But Summers has other troubling attributes. In addition to setting monetary policy, the Fed has important duties as a financial industry watchdog, and financial reform advocates say that Summers’ blatantly pro-Wall Street record would doom current efforts by regulators and Congress to reign in the industry.

Here are six reasons why a Larry Summers Fed chair would be dangerous for financial reform:

1. Summers blocked pre-crash regulation of Wall Street: In the 1990s, Brooksley Born, the former chair of the Commodity Futures Trading Commission (CFTC) under Clinton, noticed that the complex, opaque, and as-yet unregulated derivatives market was rapidly expanding, so she proposed bringing the multi-trillion dollar market under CFTC rules. (Derivatives are financial products whose value is derived from underlying numbers like interest rates or fuel prices.) Summers, who was then Deputy Treasury Secretary, didn’t like that idea. He testified during a 1998 Senate hearing that derivatives regulation wasn’t necessary because Wall Street could be trusted to police itself. His fierce resistance, along with that of then-Fed Chair Alan Greenspan and former Treasury Secretary Robert Rubin, foiled Born’s plans. As New York Times reporter Timothy O’Brien said at the time, “They…shut her up and shut her down.” Partly because of this lack of derivatives oversight, few people saw the 2007 derivatives market meltdown coming.

2. He pushed to repeal the Glass-Steagall Act: In 1999, Summers also played an important role in convincing Congress to repeal the Glass-Steagall Act of 1933, which had for decades forced banks to keep their commercial and investment activities separate. The idea behind Glass-Steagall was that banks that hold customer deposits should not be making wild bets with that money. Repeal of the law allowed commercial banks to get into the mortgage-backed securities market that came crashing down during the financial crisis. “Larry Summers helped give us the last crash,” says Bart Naylor, a financial policy advocate at the consumer advocacy group Public Citizen. “He must not be allowed to operate the heavy equipment of the Fed.”

3. The crisis didn’t teach Summers many lessons: In 2009 and 2010, as Congress was drafting up the sprawling Dodd-Frank financial reform law aimed at preventing another financial collapse, Summers was the “most vocal internal opponent” of the Volcker Rule, which forbids banks from making risky bets with taxpayer money, Noam Scheiber recently wrote at The New Republic. At the time, Summers said it would be impossible to draw a clear line between the trading banks did for themselves and the trading they did for clients, a claim financial reformers dispute. Three years after Dodd-Frank passed, the Volcker rule has yet to be finalized because Wall Street is waging an all-out war against the law. A Fed chair who sides with the financial industry on the rule would not help matters.
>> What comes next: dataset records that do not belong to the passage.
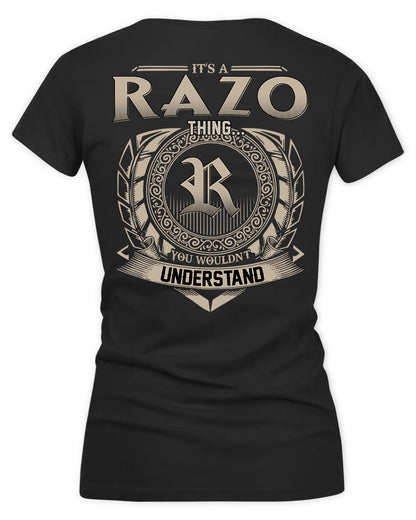 RAZO HH88-K2–Personalized Name Quote Apparel “It’s a/an NAME Thing You Wouldn’t Understand”
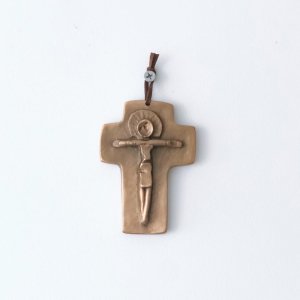 [최종태 작] 벽걸이 십자가 crucifix 승천하신 예수님 - 청동(bronze)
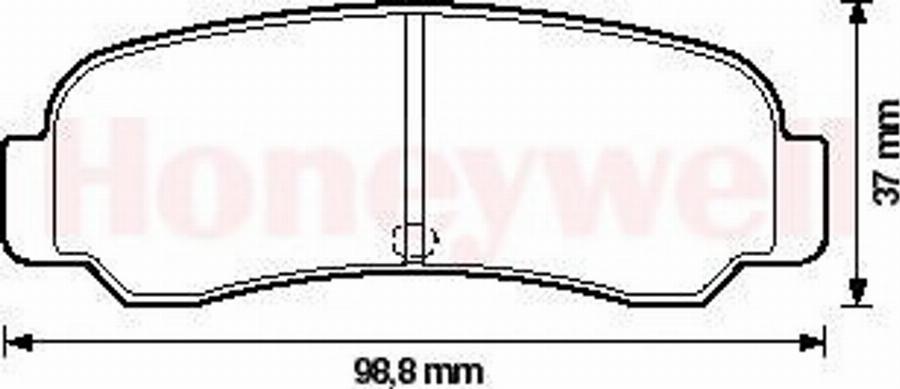 BENDIX 572156B - Kit pastiglie freno, Freno a disco autozon.pro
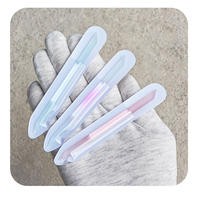 Lime à ongles en verre colorée à dégradé réutilisable, double face, outil de manucure multi-usages pour le façonnage et le polissage des ongles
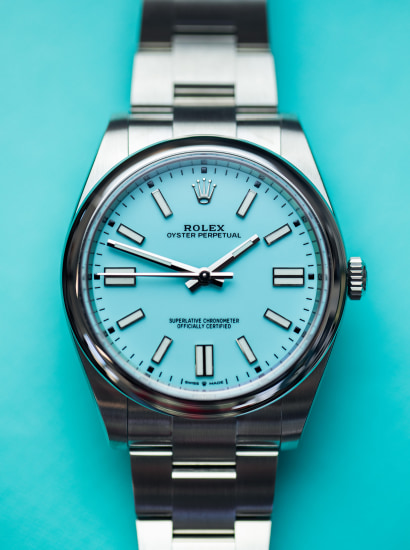 rolex tiffany blue 41mm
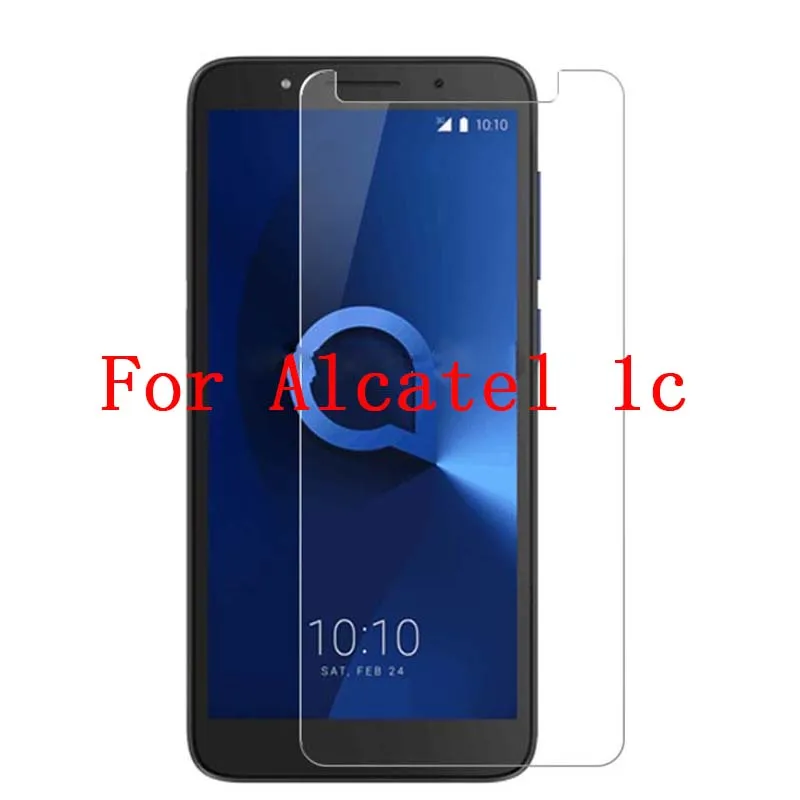 

Закаленное стекло 9H для смартфона Alcatel 1C (2019) 5003D 4,96 дюйма, Взрывозащищенная защитная пленка, Защитная пленка для экрана телефона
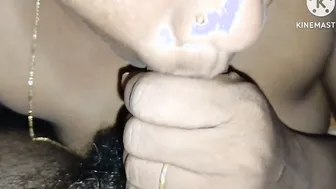 Telugu Aunty Sucking My Cock While Showing Her Massive Tits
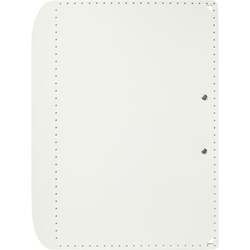 Ａ４サイズにおりたためるＡ３クリップボード白　３冊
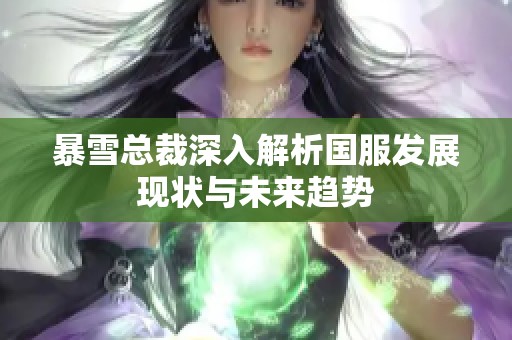 暴雪总裁深入解析国服发展现状与未来趋势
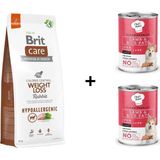 Brit Care 12 kg Hypo-Allergenic Weight Loss Tavşan Etli Dengeleyici Yetişkin Köpek Maması + 2x400 gr Chefs Choice Kuzulu Pirinçli Ezme Yetişkin Köpek Konseve Maması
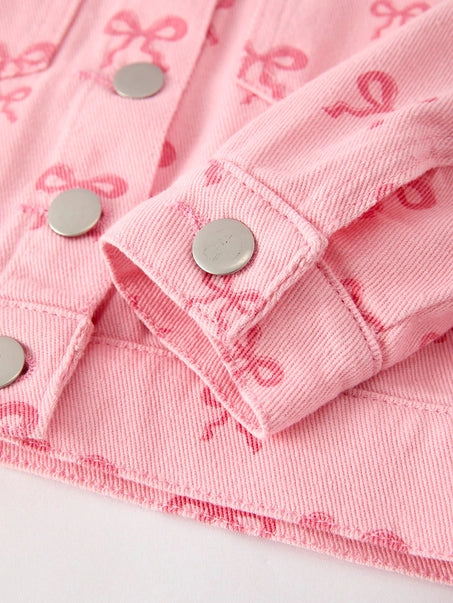 Sweetheart Denim Bow Jacket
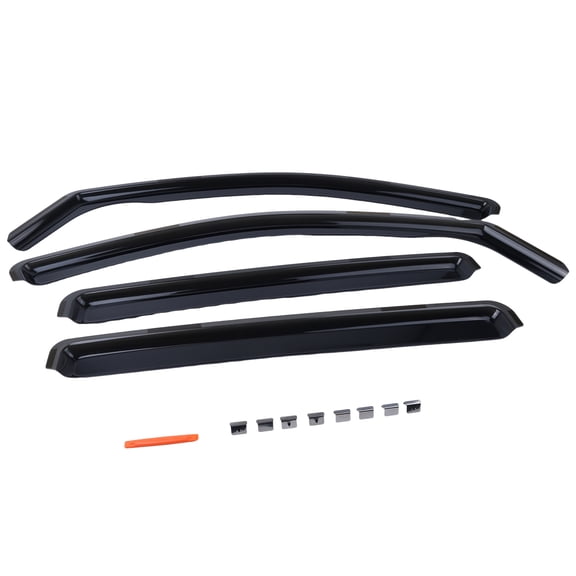 4Pcs Wind Deflectors Front Rear Window Vent Visors Rain Guard for Ford Ranger SuperCrew 2024-2025 Rain Shield Shade Sun Protection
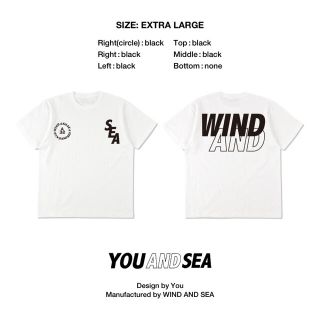 ウィンダンシー(WIND AND SEA)のはらくん様専用　WIND AND SEA カスタムTシャツ はらくん(Tシャツ/カットソー(半袖/袖なし))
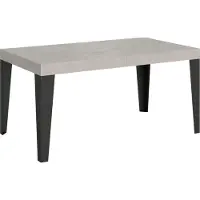 Itamoby Ausziehtisch 160/420x90 cm Flame Cashmere Anthrazit Beine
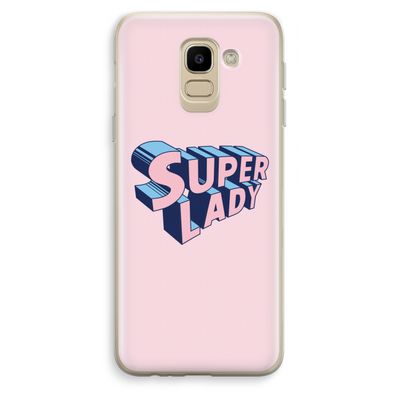 Superlady: Samsung Galaxy J6 (2018) Transparant Hoesje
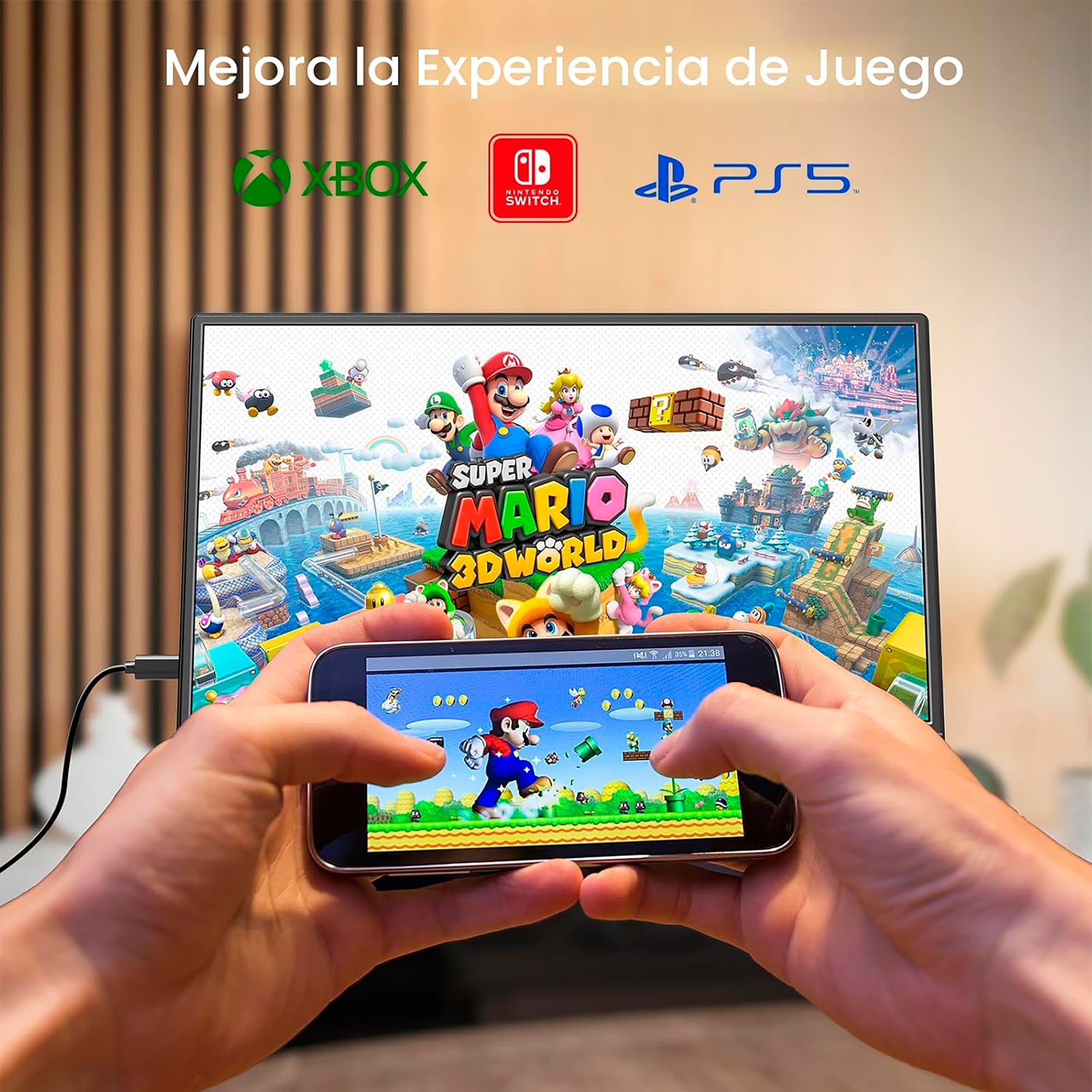 Monitor Portable YXK Pm1562 15,6'' 1080p Soporte Integrado - 3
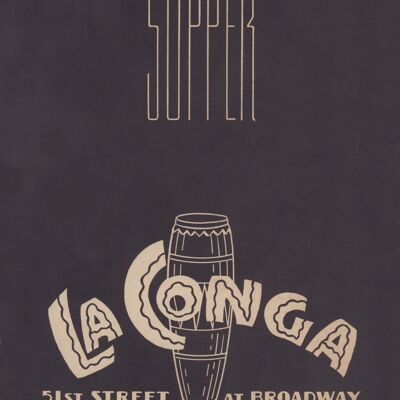 La Conga, New York, années 1950 - impression d'archives A3 (297 x 420 mm) (sans cadre)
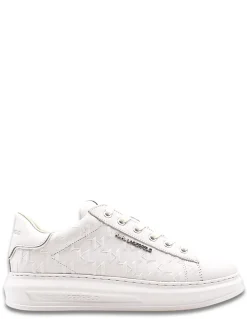 Sale karl lagerfeld Baskets de ville homme Kapri Monogram Emboss Lo homme blanc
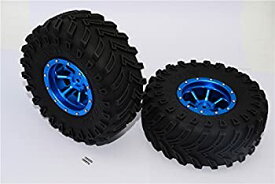 【中古】【輸入品・未使用】RCスペアパーツ Aluminium 6 Poles Beadlock & Nylon Wheels Frame With 2.2'' Tire & Foam Insert - 1Pr Blue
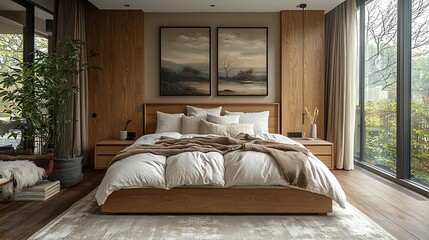 interior of a bedroom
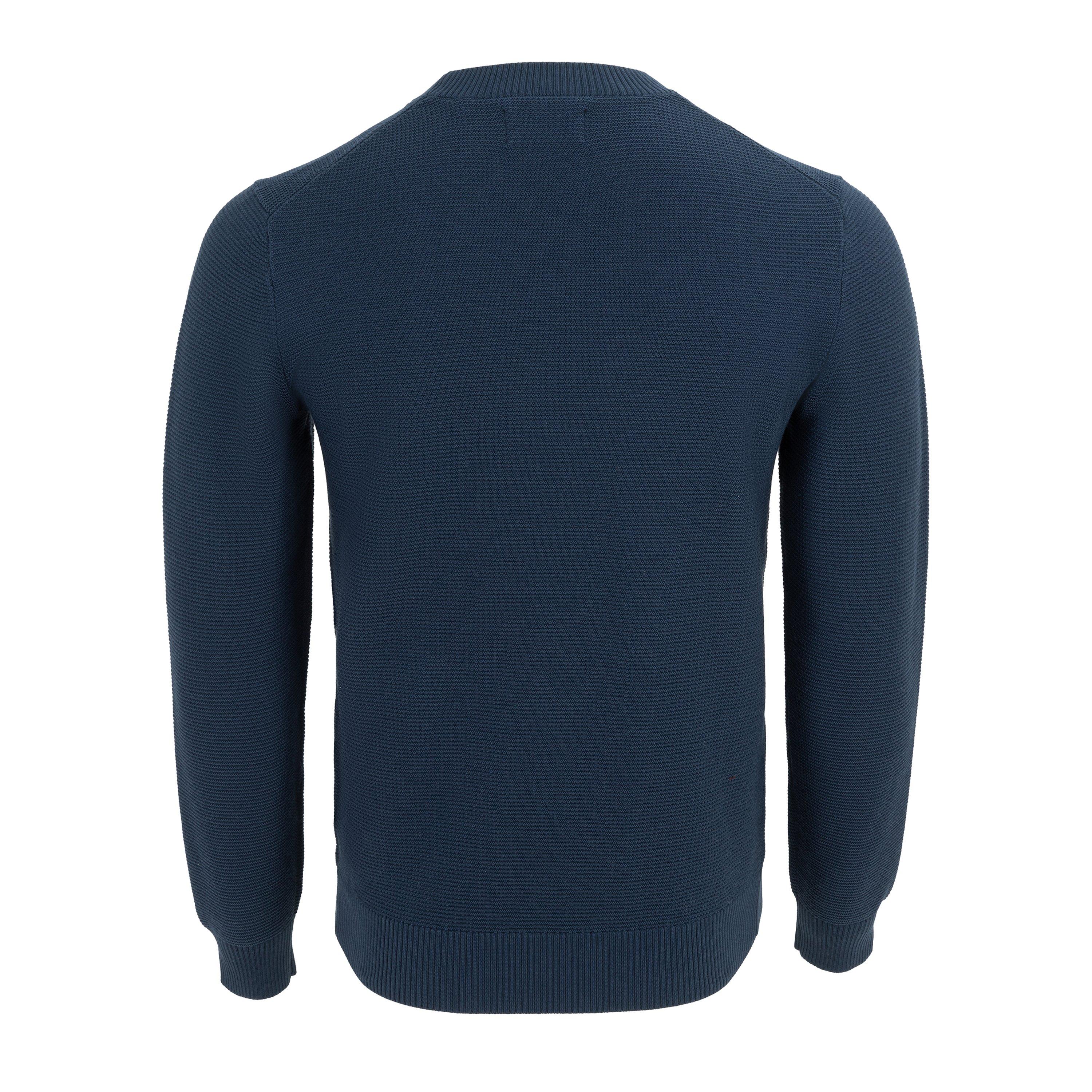 Azul marino - Firetrap - Crew Neck Jumper Knitted Pullover Men - 2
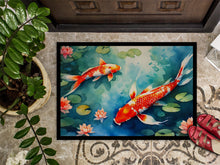 Load image into Gallery viewer, Koi Fish Doormat - Large 24x36 – Indoor/Outdoor Floor Mat with Artistic Flair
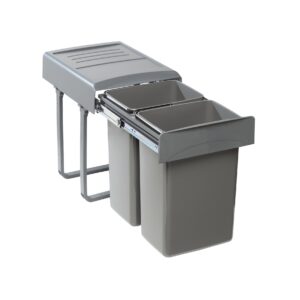 Κάδος απορριμμάτων συρώμενος MEGA 40 με φρένο (2x20lt)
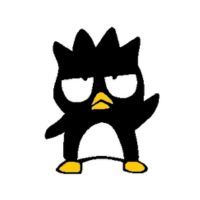 Badtz-Maru Sanrio character on a white background.
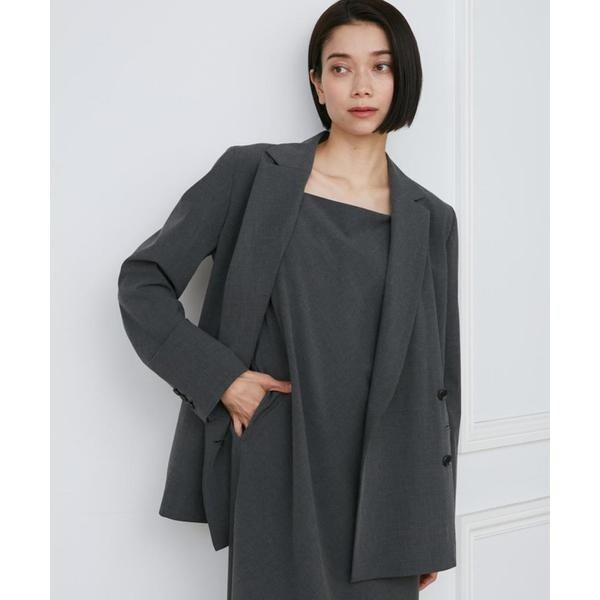 イネド（INED）/《大きいサイズ》2WAYストレッチダブルブレストサイド釦ジャケット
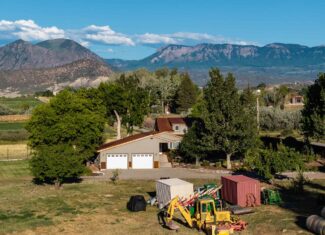 Country Home for Sale on 40 Acres with Valuable Water Rights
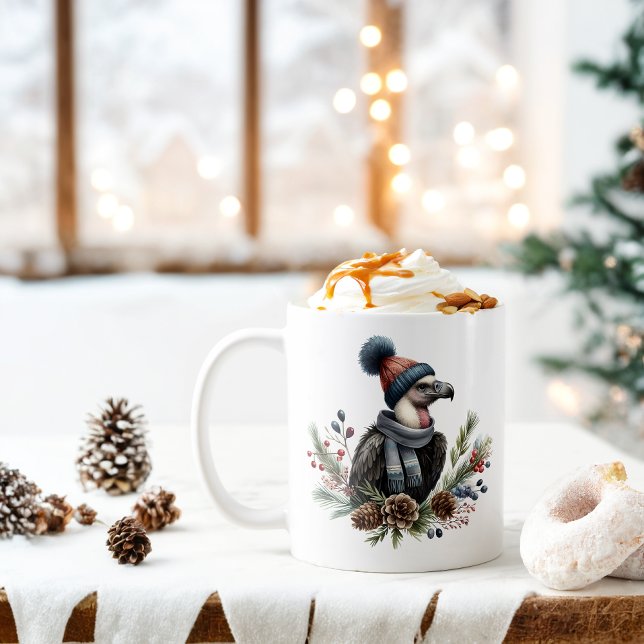 Caneca De Café Winter Vibes California Condor - (Criador carregado)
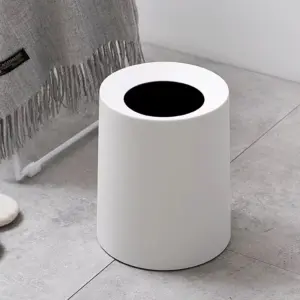 Caneca de Basura de Lujo Compacta para Oficina y Baño - Eleva la estética de tus espacios mientras mantienes el orden diario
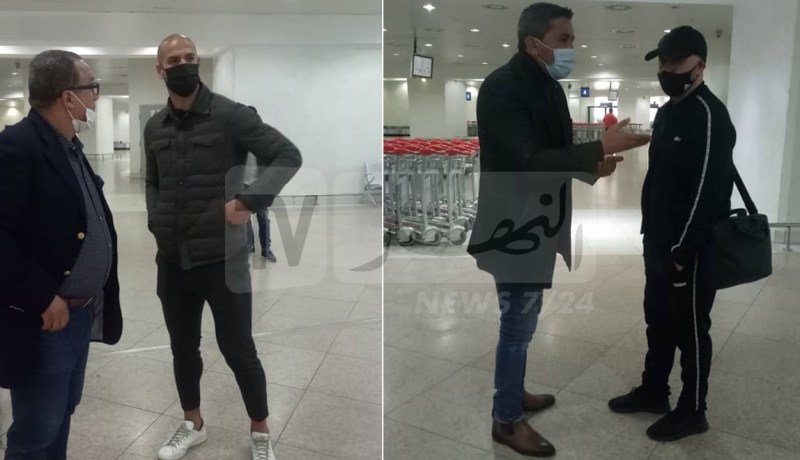 بلماضي وقديورة يصلان الجزائر قادمين من قطر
4. Larry likes big banks: Summers was also hostile to a proposed addition to the Dodd-Frank law that then-Sen. Ted Kaufman of Delaware introduced, which would have broken up mega-banks into smaller banks. Summers objected to the measure because, he said, it would mean smaller banks “would be at greater risk of failing” if they had taken on too much risk, according to The Payoff: Why Wall Street Always Wins, by Jeff Connaughton. I.e. the institutions would fail if they make bad decisions—something that is supposed to happen in capitalism.

5. No, he really likes big banks: As the Wall Street Journal reported last week, Summers is a paid consultant for Citigroup, and does similar work for Nasdaq, the hedge fund D.E. Shaw, the venture-capital firm Andreessen Horowitz, and Alliance Partners, an asset-management firm. “Optics mean a great deal,” Arthur Wilmarth, a George Washington University law professor told the Journal. “It would certainly be desirable for the Fed chair to be above any possible suspicion that he or she would favor any particular economic or financial interest.”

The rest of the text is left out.